In the first half-hour of reading this book I found myself reaching for my phone over and over again. I kept wanting to clip out lines for Twitter or Tumblr, or so that I could put them into the inevitable review I’d write. But I realized I’d be copying the whole damn thing. Every single shimmering, truthful line has my heart gripped in its little serifed fist.

Fucking hell, this book. I type into my phone. I mean, fuck.

I’m thirty pages in and already I know: I will never write anything this good. Never.

*

Back in January I attended a photography workshop, one evening of which involved the students all showing each other their portfolios. Afterwards, I was chatting with one of the other photographers there, and I mentioned how struck I was by his work.

“I always find it so impressive to see someone conjure up an image, to construct something that didn’t exist before, completely from your imagination,” I said.

“But that’s what all art is,” he responded. “Making something out of nothing.”
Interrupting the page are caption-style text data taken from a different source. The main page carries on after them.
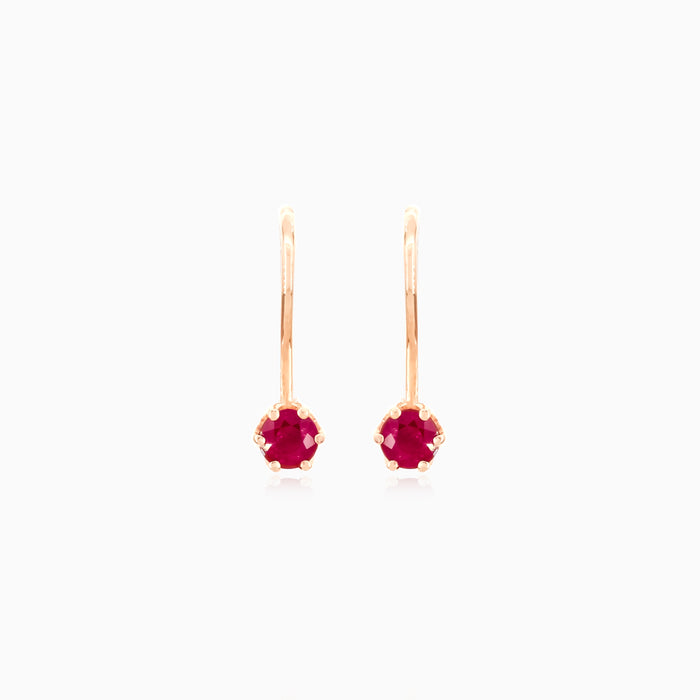 Pendientes clásicos de oro rosa con rubí.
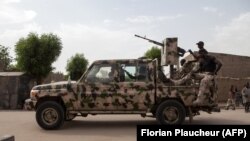 Un véhicule de l'armée nigériane patrouille dans la ville de Banki au nord-est du Nigeria le 26 avril 2017.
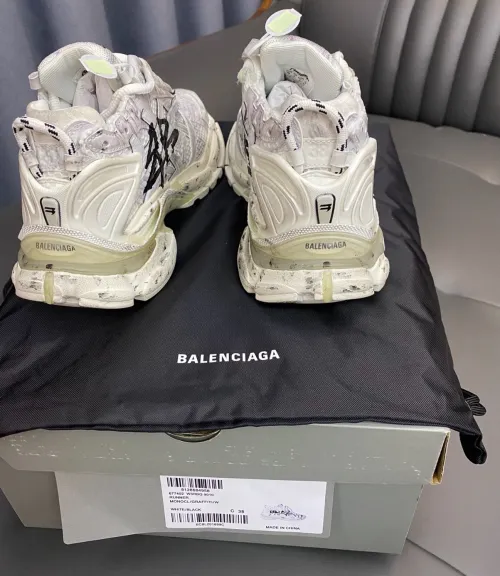 Balenciaga Runner White And Black Characters 677402 W3RBQ 9010 review 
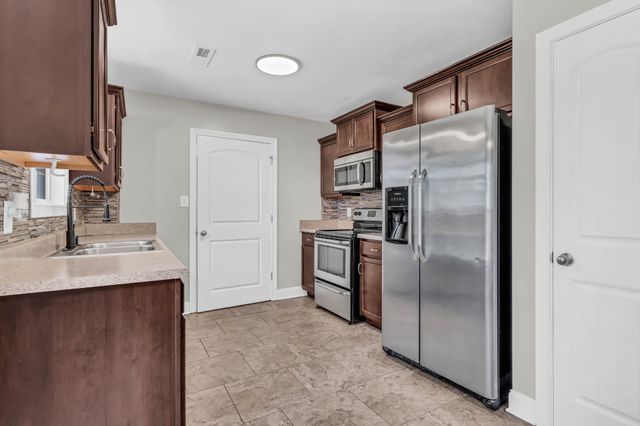 1933 Jackie Lorraine Dr, Clarksville, TN 37042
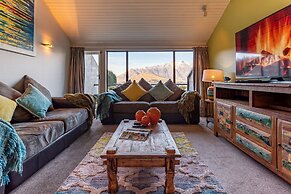 Spacious Lake View Townhouse Alpine Walk TO Town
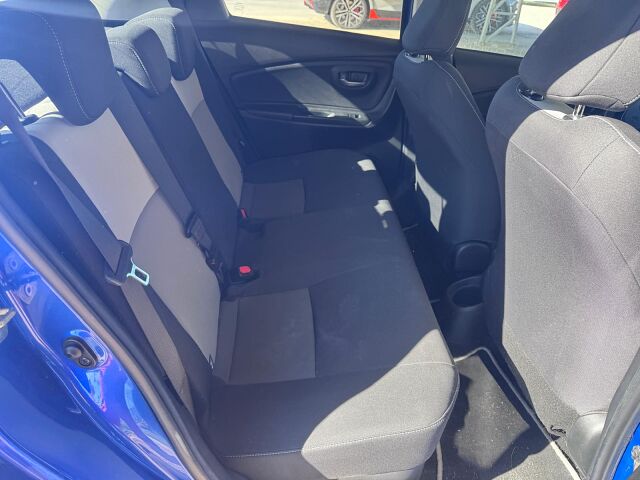 COMING SOON TOYOTA YARIS ADVANCE 1.5 HYBRID AUTO SPANISH LHD IN SPAIN 35000 MILES 2017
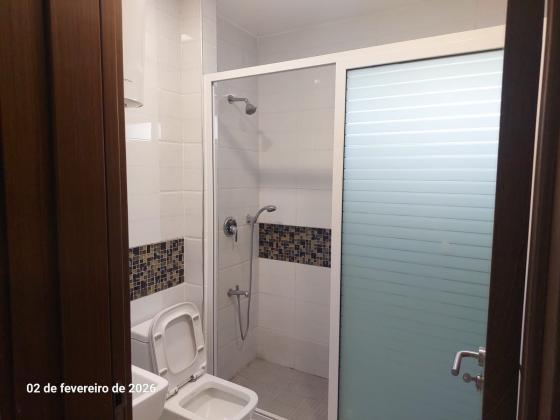 arrendo apartamento tp3 com móveis na marginal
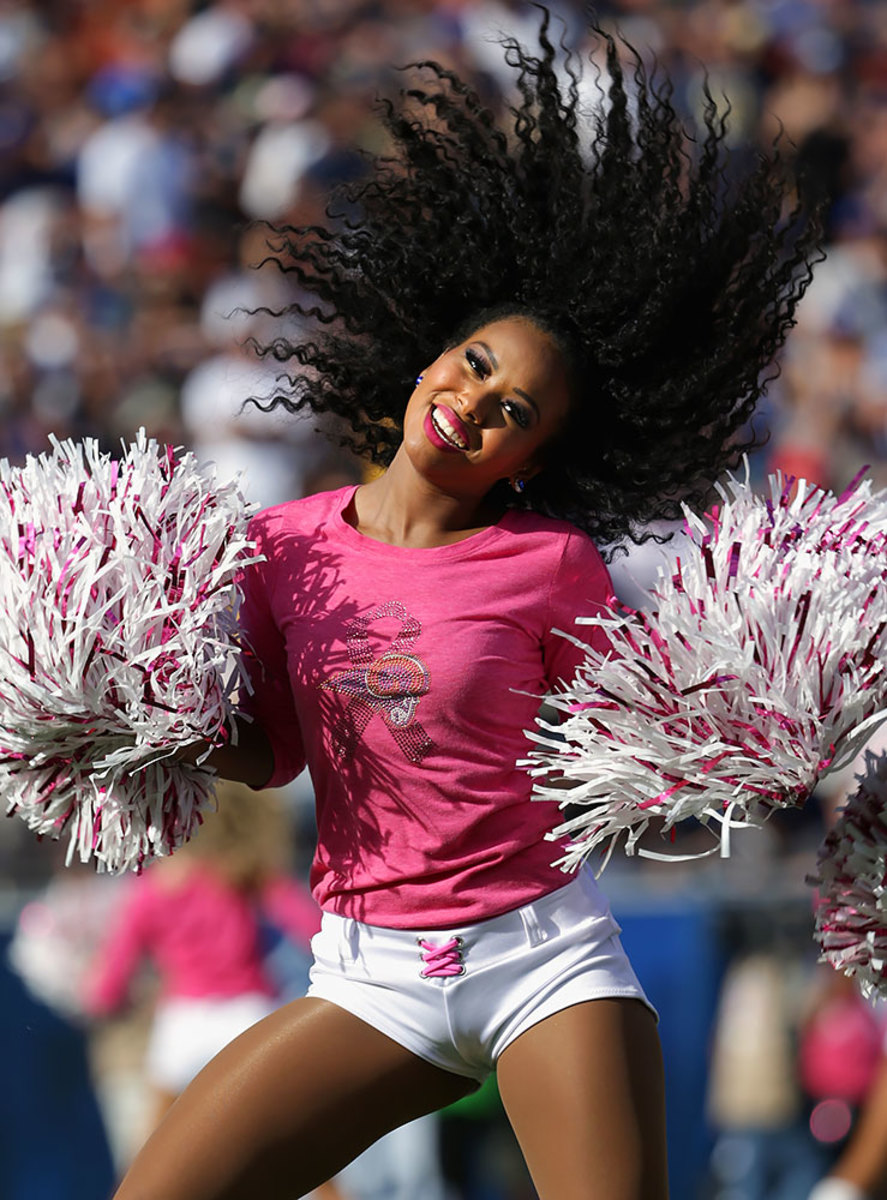 Los-Angeles-Rams-cheerleaders-613642914.jpg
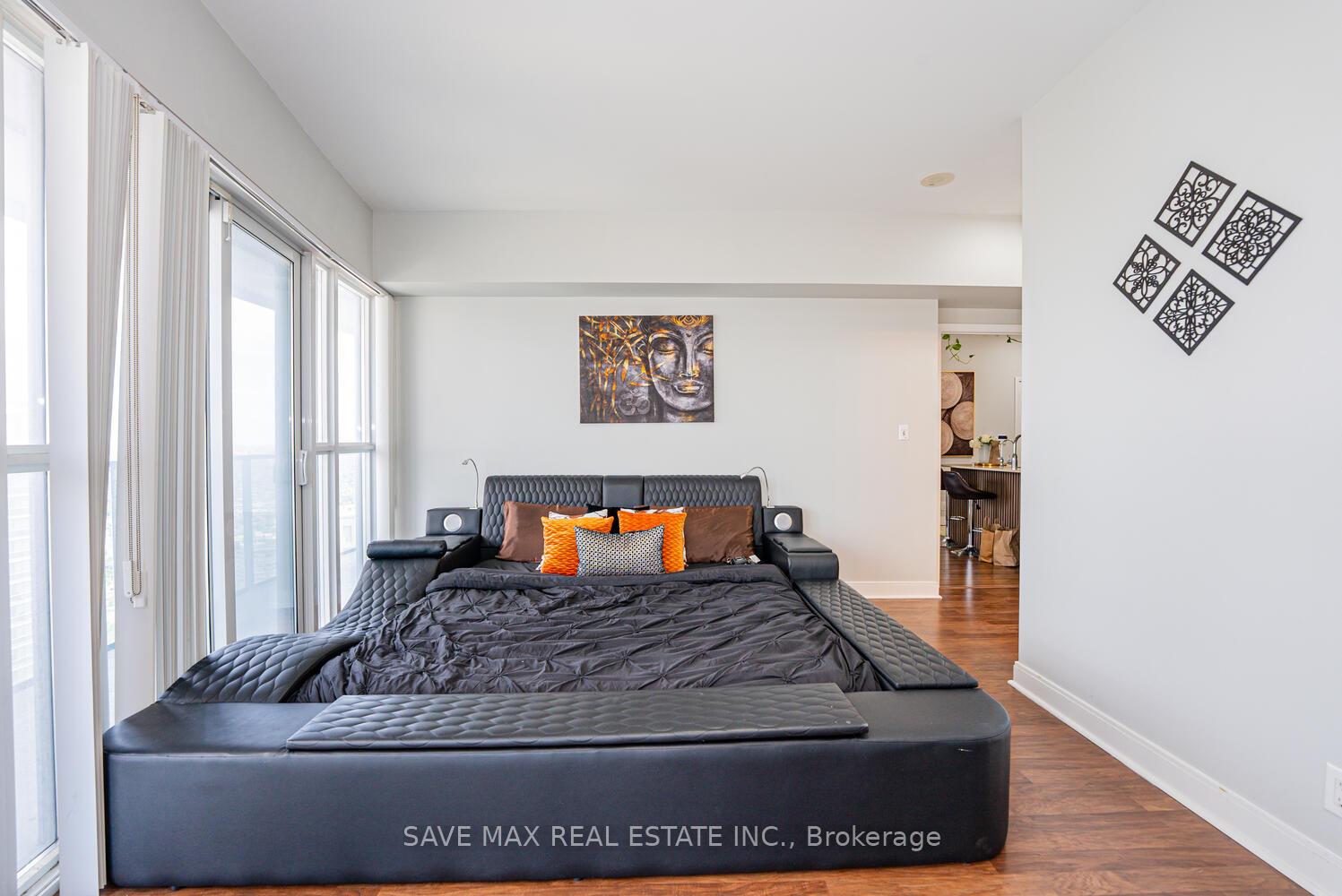 2 Bedrooms Condo at 60 Absolute, Mississauga For sale
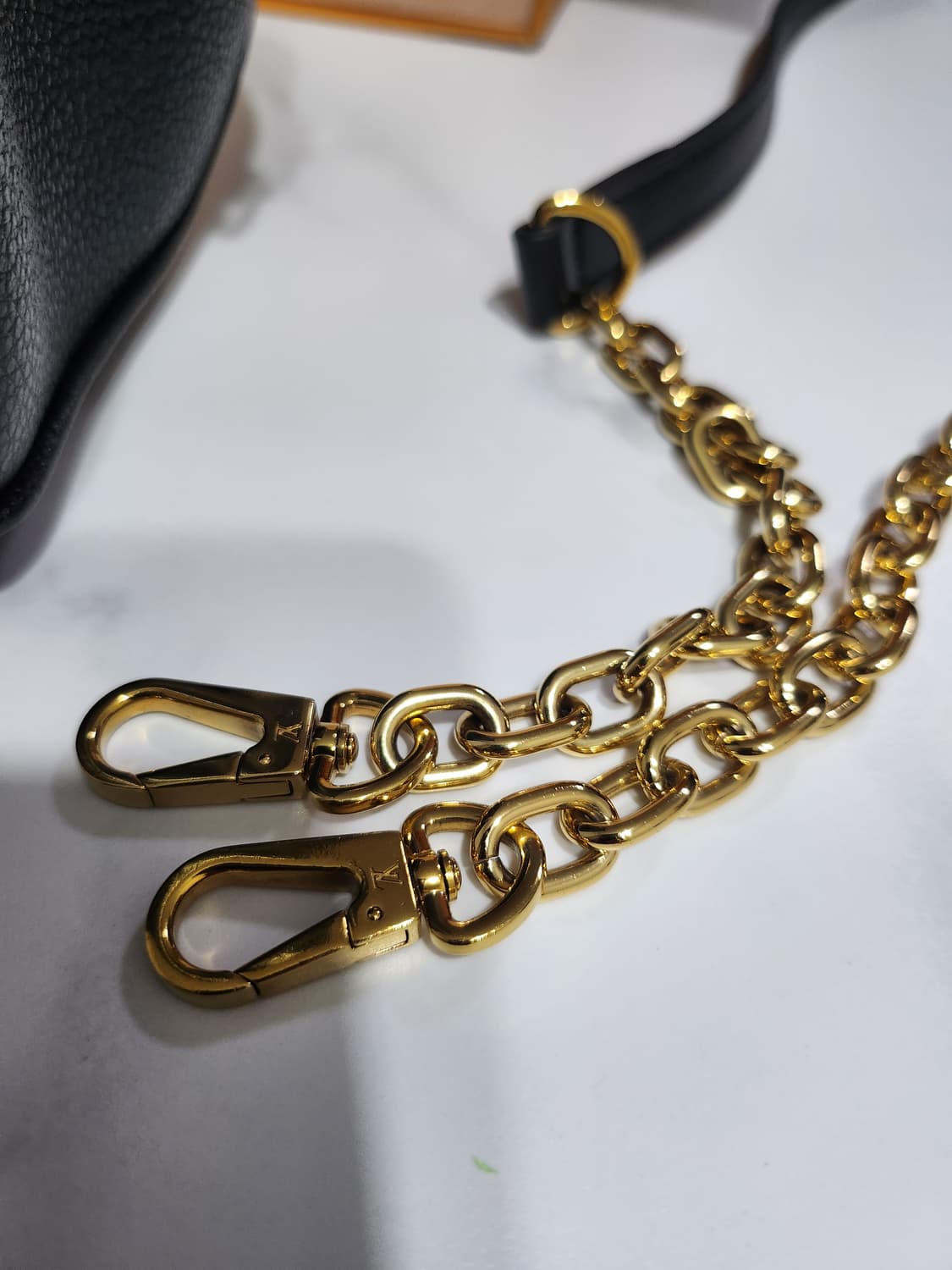 루이비통 반둘리에20 앙프렝트 블랙 상품이미지6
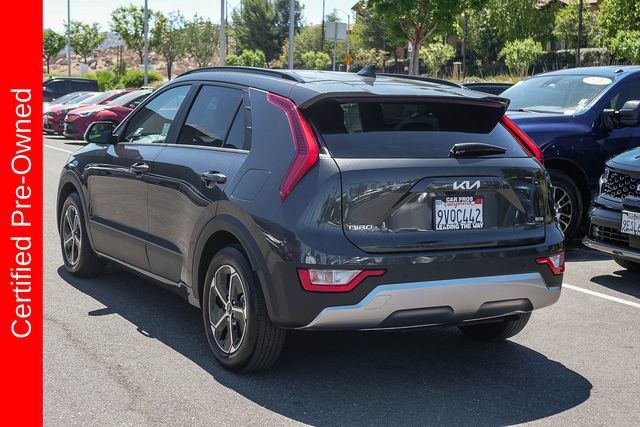 Certified 2025 Kia Niro EX FWD image 5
“Well, I guess,” I said. “But it can also be taking one thing and turning it into something else, right?”

*

I asked Juliette the other day if she thought I was observant. She cocked her head and thought a moment. “You can be,” she said finally. “Sometimes you can be kind of oblivious, but you notice a lot of things that I don’t. And I think you’re really good at articulating things in a way that other people don’t think of, but that make you say, ‘Oh yeah, that is what I think.’”

*

This little bit of narcissistic despair, it’s not quite right. That is, I do write things like this. Some of these short paragraphs feel so familiar, intimate. Like a line from a poem that I haven’t quite thought of yet, but was maybe just around the bend. The difference is that everything I write, every picture I make, they come from life. If I have any talent or skill, it’s in awareness and analysis, not imagination. I can notice a detail and pluck it out and show it to you, and on a good day, maybe I can do that in such a way that you’ll see something new. But making something that wasn’t there before, that’s something that has always eluded me. It does not elude Jenny Offill.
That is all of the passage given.